お茶屋の小町娘が手折られる話は悲しいね — 和田はつ子「料理人季蔵捕物控 涼み菓子」(時代小説文庫)

シリーズも12弾目となると、登場人物に少々の変更というか、環境変化が欲しくなるところなのだが、本作で、季蔵の弟分・豪介の身の上に変化が起きる。
収録は
第一話 涼み菓子
第二話 婿入り白玉
第三話 夏の海老
第四話 乙女鮨
となっていて、まずは豪介が、「みよし」という甘酒屋の看板娘・おれいの婿取りのコンテストに立候補するところから始まる。そのコンテストというのが、この店に出す「冷やし甘酒」に合う「涼み菓子」を考案するということ。
で、豪介が季蔵の助けを借りながら考案するのが、西瓜糖を使った菓子なのであるが、その菓子ができて、婿取りコンテストの結果も、ってなところで、この甘酒屋の小町娘に不幸が訪れる、といった展開となる。
総体に、このシリーズは、好事魔多しというか、上げ潮にのって調子づいていると、それと同じくらいに下げ落とされるというのが常で、今回の話も、後半は、その小町娘の事件の謎を解くというもので、彼女に限らず、幾人かの美人娘が殺されるので、少々気が滅入ってくるものではある。
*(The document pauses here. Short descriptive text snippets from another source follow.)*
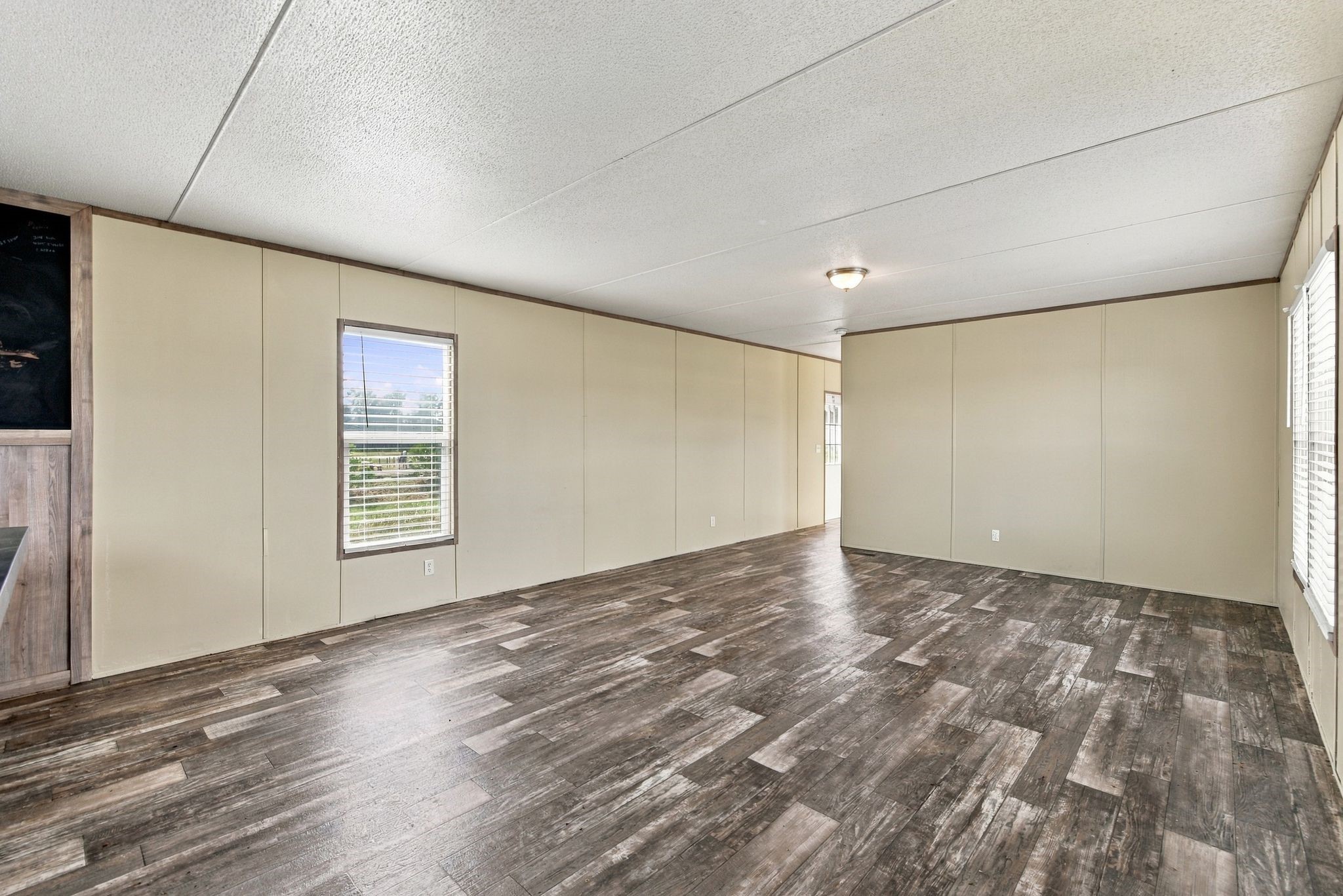 2245 Ben Boulevard Property Photo 6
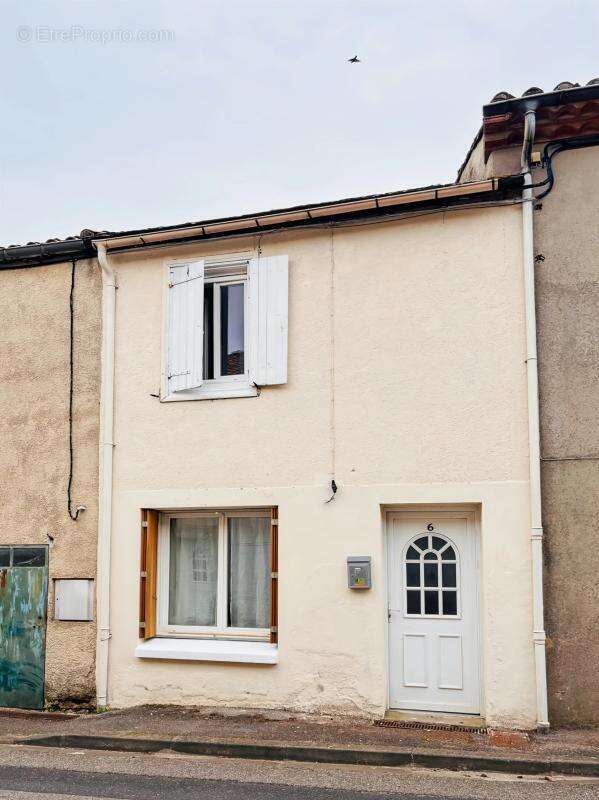 Maison à SAINT-DENIS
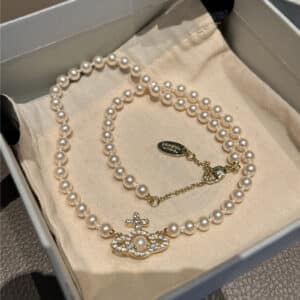 Vivienne Westwood new necklace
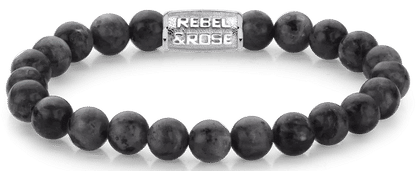 Armband av mörka runda larvikitpärlor med metallplakett "REBEL&ROSE"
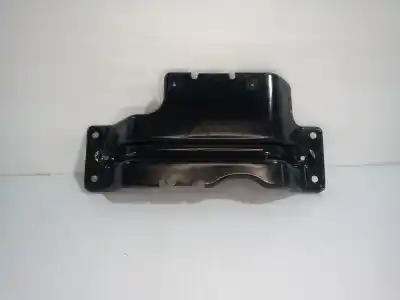 Автозапчастина б/у середній для jaguar e-pace basis awd посилання на oem iam gj324a266ab  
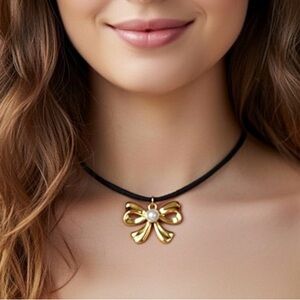 Gold Pearl bow choker necklace adjustable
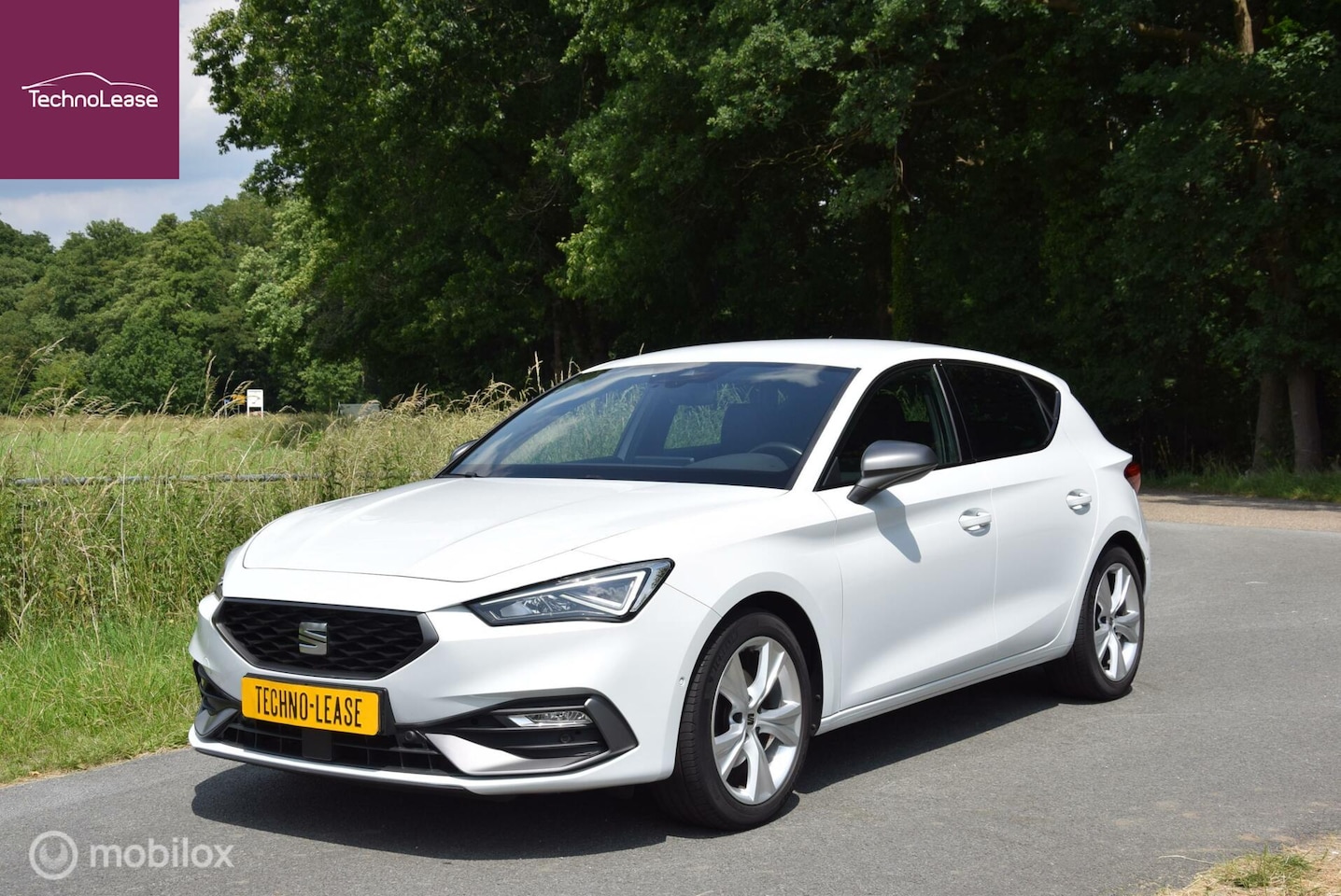 Seat Leon - 1.5 TSI 150pk FR Launch edition + trekhaak - AutoWereld.nl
なんにせよ、若い美女が死ぬってのは良くないよね。
まあ、この巻の清涼剤は、豪介と季蔵の考案した、黒砂糖、ざらめ、水を煮詰めた黒蜜に西瓜糖を一匙加えて白玉にかけた「涼み菓子」と、最後の話の各々牛蒡のシャクナギ、蓮根の揚げ牡蠣、茄子の昆布締めが詰められた「乙女鮨」であろうか。
最後の方で、豪介の身の上の変化にちょっと救われた気がするので、最後まで読んでくださいな。